Post by lessismoreinvestor » Fri Oct 05, 2018 4:14 pm

57 years old, working full time, single. Have 220k in individual stocks, 160k in Vanguard index funds, 80k in 401k at work, 30k in CD, MM, and cash.
Figuring on at least 6-11 more years working, making around 90k a year.
I figure I've got time for Market dips (like this one) and recoveries before I retire.
Or do you think I'm too stock-heavy?
So total nest egg you have 460k. All most half is in individual stocks. That is very risky. I recommend keeping that portion less than 10%. What to do about it? Well, I hope it is a lot of different stocks for diversification. If it is all one or two stocks that isn't good in my opinion. If you were to sell it may trigger capital gains tax as well depending on what type of account it is.

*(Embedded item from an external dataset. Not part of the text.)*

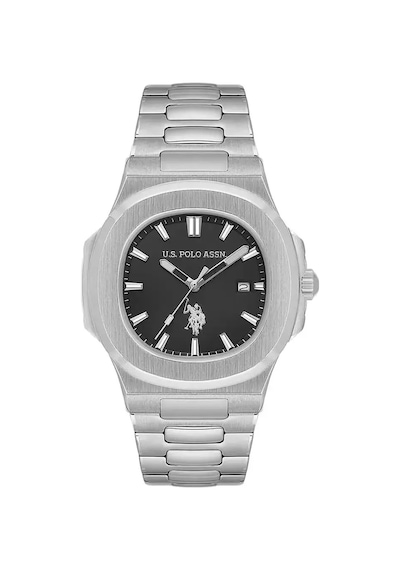U.s. Polo Assn. Uspa1150-01 Erkek Kol Saati Metalik Gri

What are the index funds and 401k invested in? Any bonds?

At your age, a 60% stocks/ 40% bonds would be decently aggressive. You could talk me into 70 stock / 30 bonds for ultra aggressive.

Assuming you work 10 more years. 67 years old. I would like to see your portfolio at 800k to 1 million.

If you save $20,000k per year for the next 10 years and can make 5% investment return on your money then it would grow to about 1 million.

On a $1 million portfolio, you can take out 40K a year for rest of your life. Plus hopefully, social security will give you some. Maybe $36k per year. You would then be making around $76k which is 80% of your working salary. Not a bad retirement in my opinion.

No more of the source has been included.